Using Selectivity and Cost Estimates in Query Optimization
A query optimizer does not depend solely on heuristic rules; it also estimates and compares the costs of executing a query using different execution strategies and algorithms, and it then chooses the strategy with the lowest cost estimate. For this approach to work, accurate cost estimates are required so that different strategies can be compared fairly and realistically. In addition, the optimizer must limit the number of execution strategies to be considered; otherwise, too much time will be spent making cost estimates for the many possible execution strategies. Hence, this approach is more suitable for compiled queries where the optimization is done at compile time and the resulting execution strategy code is stored and executed directly at runtime. For interpreted queries, where the entire process shown in Figure 19.1 occurs at runtime, a full-scale optimization may slow down the response time. A more elaborate optimization is indicated for compiled queries, whereas a partial, less time-consuming optimization works best for interpreted queries.

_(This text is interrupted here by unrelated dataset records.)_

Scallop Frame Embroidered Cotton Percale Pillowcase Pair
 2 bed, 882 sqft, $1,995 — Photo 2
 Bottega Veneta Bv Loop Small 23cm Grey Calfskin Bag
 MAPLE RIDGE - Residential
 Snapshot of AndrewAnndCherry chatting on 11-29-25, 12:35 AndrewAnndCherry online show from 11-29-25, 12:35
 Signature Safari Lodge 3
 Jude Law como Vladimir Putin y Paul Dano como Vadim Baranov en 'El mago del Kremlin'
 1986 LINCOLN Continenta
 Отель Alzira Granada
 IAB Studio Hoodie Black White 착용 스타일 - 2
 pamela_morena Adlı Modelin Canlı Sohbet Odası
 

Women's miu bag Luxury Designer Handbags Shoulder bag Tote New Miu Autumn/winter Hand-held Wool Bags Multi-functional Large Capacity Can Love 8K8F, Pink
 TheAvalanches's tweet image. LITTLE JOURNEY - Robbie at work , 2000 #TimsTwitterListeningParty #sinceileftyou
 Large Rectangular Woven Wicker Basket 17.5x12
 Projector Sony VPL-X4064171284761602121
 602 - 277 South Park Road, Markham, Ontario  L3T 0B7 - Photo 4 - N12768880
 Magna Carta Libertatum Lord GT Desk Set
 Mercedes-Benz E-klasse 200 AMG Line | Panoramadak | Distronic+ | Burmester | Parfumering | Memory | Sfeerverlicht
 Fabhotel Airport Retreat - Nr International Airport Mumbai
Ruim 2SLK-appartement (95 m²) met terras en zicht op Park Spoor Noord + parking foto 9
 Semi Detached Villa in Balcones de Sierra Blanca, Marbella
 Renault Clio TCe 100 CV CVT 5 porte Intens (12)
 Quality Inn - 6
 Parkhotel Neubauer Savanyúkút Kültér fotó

This approach is generally referred to as cost-based query optimization. It uses traditional optimization techniques that search the solution space to a problem for a solution that minimizes an objective (cost) function. The cost functions used in query optimization are estimates and not exact cost functions, so the optimization may select a query execution strategy that is not the optimal (absolute best) one. In Section 19.8.1 we discuss the components of query execution cost. In Section 19.8.2 we discuss the type of information needed in cost functions. This information is kept in the DBMS catalog. In Section 19.8.3 we give examples of cost functions for the SELECT operation, and in Section 19.8.4 we discuss cost functions for two-way JOIN operations. Section 19.8.5 discusses multiway joins, and Section 19.8.6 gives an example.